What you return must match the data below exactly, minus any pictures.

START Supplied records

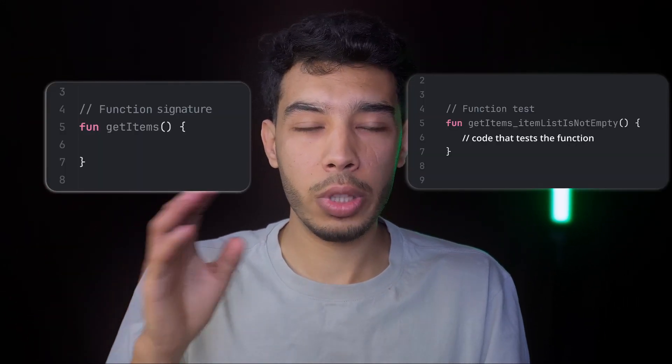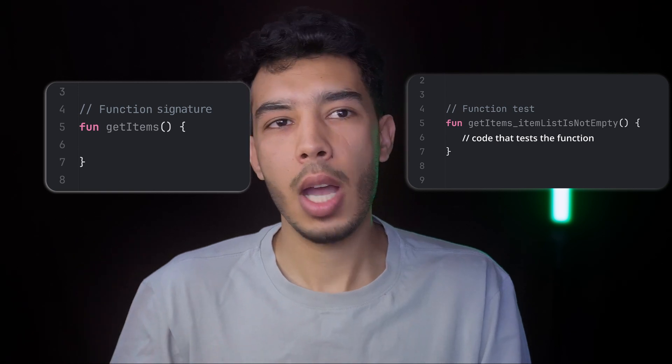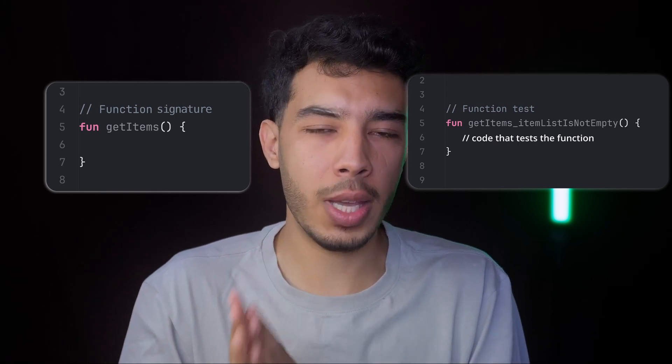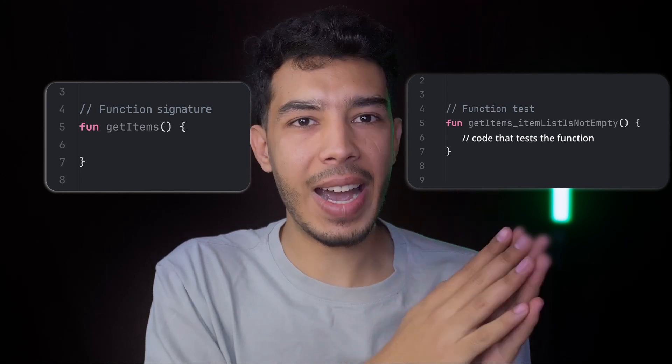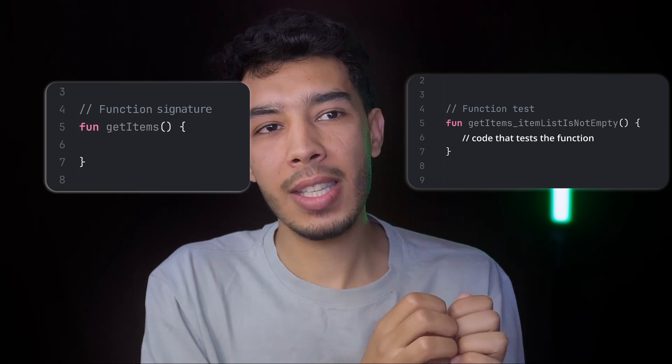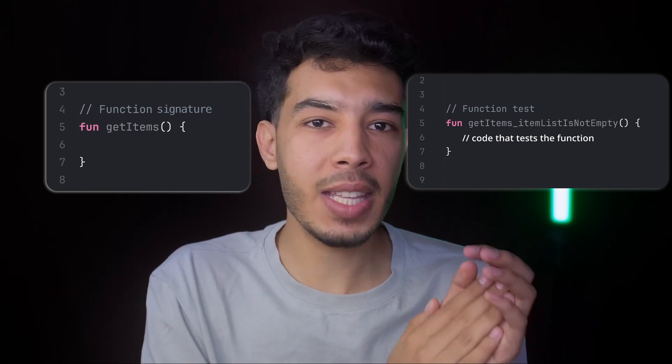How does TDD actually work? In this approach, we write the test case first. Let's say we have a function that gets some items from a database, an API, or some data source, and then filters that list to only keep certain entities and returns that list. What we do is first create only the function signature — for example, a function called getList that returns a list — but we don't write the actual implementation yet. Then we write the tests: we test if we actually get items from our data source, and if we properly filter those items.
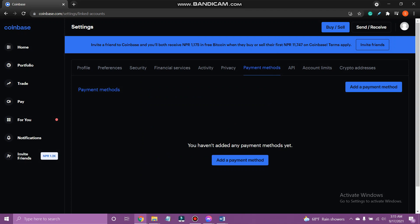You can also add your bank account in the same way. And that's how you add payment method on Coinbase.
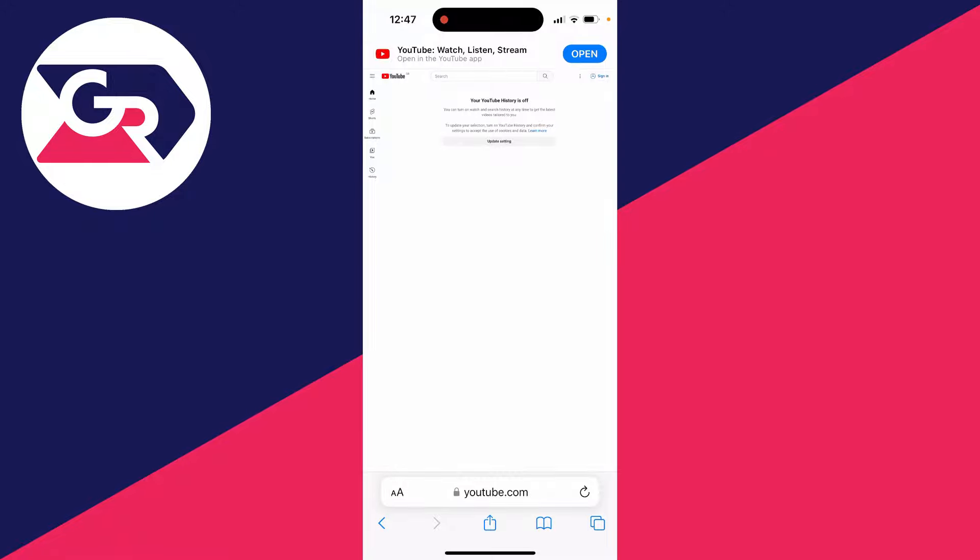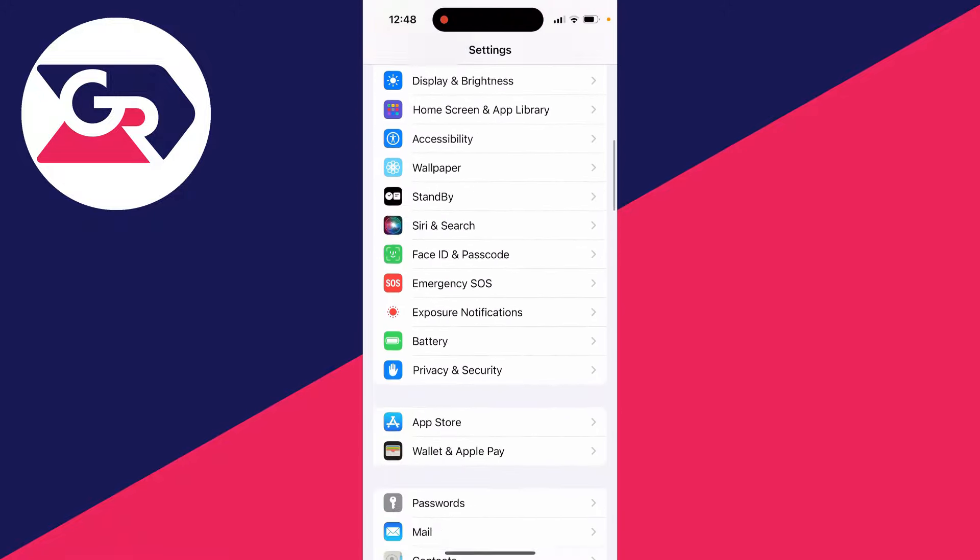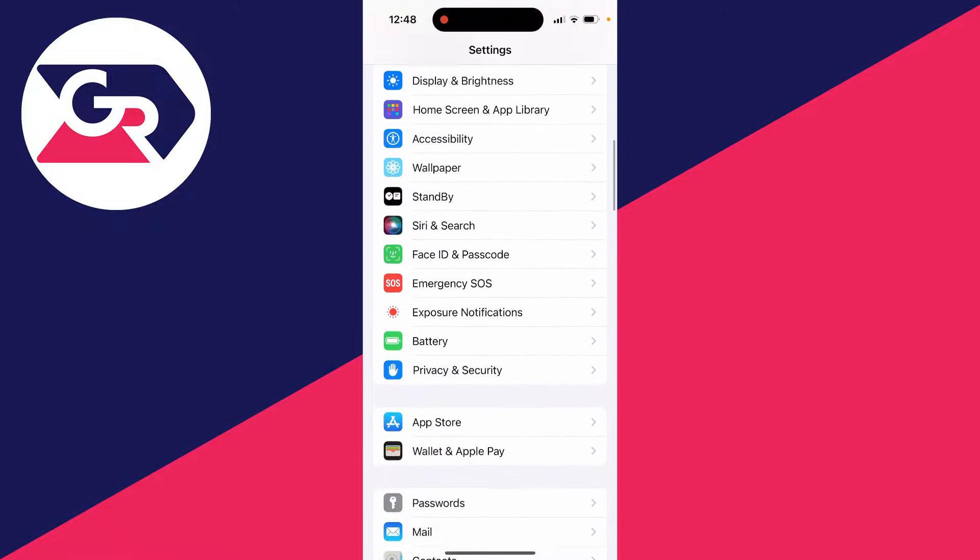There are two different ways to do this. The first way is by opening Safari. Go to the site, make sure the URL bar is visible at the bottom, go to the left and click on the two A's, then click on request desktop website.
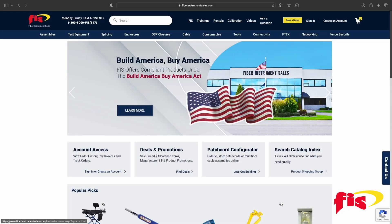At FiberInstrumentSales.com, click on the Patch Cord Configurator link on the home page.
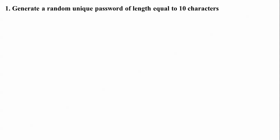First, I'm generating a random unique password with length equal to 10 characters. You can generate this by installing pwgen. If you already have it installed, just type pwgen 10 and you'll get one password of 10 characters. If you don't have it, you need to install pwgen by following step 1.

END Supplied records

- Your solution
How does TDD actually work? In this approach, we write the test case first. Let's say we have a function that gets some items from a database, an API, or some data source, and then filters that list to only keep certain entities and returns that list. What we do is first create only the function signature — for example, a function called getList that returns a list — but we don't write the actual implementation yet. Then we write the tests: we test if we actually get items from our data source, and if we properly filter those items.
You can also add your bank account in the same way. And that's how you add payment method on Coinbase.
There are two different ways to do this. The first way is by opening Safari. Go to the site, make sure the URL bar is visible at the bottom, go to the left and click on the two A's, then click on request desktop website.
At FiberInstrumentSales.com, click on the Patch Cord Configurator link on the home page.
First, I'm generating a random unique password with length equal to 10 characters. You can generate this by installing pwgen. If you already have it installed, just type pwgen 10 and you'll get one password of 10 characters. If you don't have it, you need to install pwgen by following step 1.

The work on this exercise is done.